1a.Objectives (from AD-416):
To Generate transgenic wheat plants that overexpress TaBAK1. Begin the evaluation of these transgenics for increased FHB resistance. Conduct VIGS experiments to evaluate the possible functions of three other TaBAK1-related sequences in FHB resistance, TaBAK2, 3, 4 and 5. Generate cDNA clones for transformation if any of the TaBAK1-related sequences prove to make significant contributions to FHB resistance. Continue the characterization of transgenic wheat overexpressing ethylene-signaling genes. Continue the breeding of oat lines with Yellow dwarf virus (YDV) crown rust (CR) and stem rust (SR) resistance.
1b.Approach (from AD-416):
Efforts to make significant improvement in the resistance of wheat to Fusarium head blight (FHB) require understanding the mechanism(s) of the naturally occurring FHB resistance pathways. Quantitative Trait Loci (QTL) conferring varying degrees of FHB resistance are known and these are being used by breeders to generate useful FHB resistant wheat and barley varieties. However, none of the actual gene sequences that underlie these QTL and determine the mechanism of FHB resistance are known. Until the molecular mechanism of FHB resistance is better understood, efforts to engineer improved FHB resistance will be futile. The process of identifying the genes that are functionally essential to FHB resistance has been greatly hindered by the genetic complexities of wheat. In previous work funded by the USWBSI our group has developed a virus-induced gene silencing (VIGS) system that overcomes many of the obstacles for functional identification of genes involved in FHB resistance. Previous work has shown that wheat and barley plants that are resistant to FHB initiate complex defense responses when challenged by Fusarium graminearum. Understanding how these responses are initiated is a key question to address. Very recent results in our VIGS analyses have implicated a receptor-like protein, TaBAK1, as playing a key role in FHB resistance. In model plants systems this proteins functions in the perception of conserved pathogen-associated molecular patterns (PAMPs), leading to PAMP-triggered immunity (PTI).

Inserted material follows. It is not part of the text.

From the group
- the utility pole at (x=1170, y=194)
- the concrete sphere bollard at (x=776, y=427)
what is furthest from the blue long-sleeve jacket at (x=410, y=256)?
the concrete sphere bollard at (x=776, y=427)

The discovery of a receptor-kinase protein that may play a key role in activating FHB resistance offers an excellent opportunity to engineer improved FHB resistance, and thereby directly serves the primary objective of the USWBSI Gene Discovery and Engineering Resistance research area.
Efforts are being made to breed more disease resistant oat lines by introgressing resistance loci from the wild oat Avena strigosa Accession 6688 Resistance to Yellow dwarf virus (YDV), crown rust (CR) and stem rust (SR) has been incorporated into elite oat lines and has undergone three backcross cycles. Lines with excellent agronomic properties have been recovered that contain all three A. strigosa resistance loci. With further selection this material will be ready for germplasm release.

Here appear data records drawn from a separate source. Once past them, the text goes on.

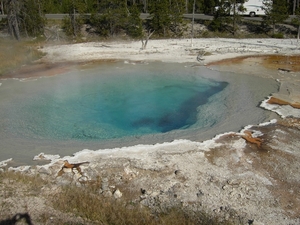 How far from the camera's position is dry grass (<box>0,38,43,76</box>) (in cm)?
1507

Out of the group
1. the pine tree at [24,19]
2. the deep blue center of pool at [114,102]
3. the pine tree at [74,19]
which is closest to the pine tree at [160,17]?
the pine tree at [74,19]

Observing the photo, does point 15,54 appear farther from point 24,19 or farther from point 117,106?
point 117,106

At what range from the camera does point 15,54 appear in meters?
16.6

During FY13 transgenic wheat plants were generated in a wheat line that is normally susceptible to this disease, so if these genes are effective these lines will display increased resistance.Seeds from these transformants were bulked and are about to be tested in the greenhouse for improved FHB resistance. Virus-induced gene silencing constructs to specifically assess the role of other candidate genes in Fusarium head blight in FHB resistance have been constructed and will be tested during FY14.
An additional focus of this project is the improvement of oat germplasm through introgression of resistance to Yellow dwarf virus (YDV), crown rust (CR) and stem rust (SR), from the Avena strigosa Accession 6688. This material has now undergone the fourth backcross to elite oat lines and families exhibiting excellent agronomic characteristics as well as resistance to all three pathogens have been recovered.